Enable detected clothing feature

Important

Due to the Azure Media Services retirement announcement, Azure AI Video Indexer announces Azure AI Video Indexer features adjustments. See Changes related to Azure Media Service (AMS) retirement to understand what this means for your Azure AI Video Indexer account. See the Preparing for AMS retirement: VI update and migration guide.

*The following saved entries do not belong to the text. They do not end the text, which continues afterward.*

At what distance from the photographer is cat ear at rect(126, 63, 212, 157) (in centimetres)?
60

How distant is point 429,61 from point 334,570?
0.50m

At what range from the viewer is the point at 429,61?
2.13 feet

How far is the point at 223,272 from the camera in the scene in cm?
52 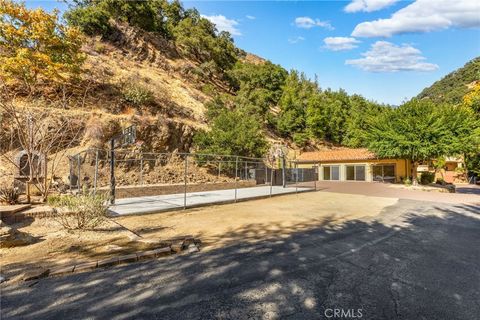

Azure AI Video Indexer detects clothing associated with the person wearing it in the video and provides information such as the type of clothing detected and the timestamp of the appearance (start, end). The API returns the detection confidence level. The clothing types that are detected are long pants, short pants, long sleeves, short sleeves, and skirt or dress.

Two examples where this feature could be useful:

  • Improve efficiency when creating raw data for content creators, like video advertising, news, or sport games (for example, find people wearing a red shirt in a video archive).
  • Post-event analysis—detect and track a person’s movement to better analyze an accident or crime post-event (for example, explosion, bank robbery, incident).

The newly added clothing detection feature is available when indexing your file by choosing the Advanced option -> Advanced video or Advanced video + audio preset (under Video + audio indexing). Standard indexing won't include this new advanced model.

This screenshot represents an indexing video option

When you choose to see Insights of your video on the Azure AI Video Indexer website, the People's detected clothing could be viewed from the Observed People tracking insight. When choosing a thumbnail of a person the detected clothing became available.

Observed people screenshot

If you're interested to view People's detected clothing in the Timeline of your video on the Azure AI Video Indexer website, go to View -> Show Insights and select the All option, or View -> Custom View and select Observed People.

Observed person screenshot

Searching for a specific clothing to return all the observed people wearing it's enabled using the search bar of either the Insights or from the Timeline of your video on the Azure AI Video Indexer website.

The following JSON response illustrates what Azure AI Video Indexer returns when tracking observed people having detected clothing associated:

"observedPeople": [
    {
        "id": 1,
        "thumbnailId": "68bab0f2-f084-4c2b-859b-a951ed03c209",
        "clothing": [
            {
                "id": 1,
                "type": "sleeve",
                "properties": {
                    "length": "short"
                }
            },
            {
                "id": 2,
                "type": "pants",
                "properties": {
                    "length": "long"
                }
            }
        ],
        "instances": [
            {
                "adjustedStart": "0:00:05.5055",
                "adjustedEnd": "0:00:09.9766333",
                "start": "0:00:05.5055",
                "end": "0:00:09.9766333"
            }
        ]
    },
    {
        "id": 2,
        "thumbnailId": "449bf52d-06bf-43ab-9f6b-e438cde4f217",
        "clothing": [
            {
                "id": 1,
                "type": "sleeve",
                "properties": {
                    "length": "short"
                }
            },
            {
                "id": 2,
                "type": "pants",
                "properties": {
                    "length": "long"
                }
            }
        ],
        "instances": [
            {
                "adjustedStart": "0:00:07.2072",
                "adjustedEnd": "0:00:10.5105",
                "start": "0:00:07.2072",
                "end": "0:00:10.5105"
            }
        ]
    },
]

Limitations and assumptions

As the detected clothing feature uses observed people tracking, the tracking quality is important. For tracking considerations and limitations, see Considerations and limitations when choosing a use case.

  • As clothing detection is dependent on the visibility of the person’s body, the accuracy is higher if a person is fully visible.
  • There maybe errors when a person is without clothing.
  • In this scenario or others of poor visibility, results may be given such as long pants and skirt or dress.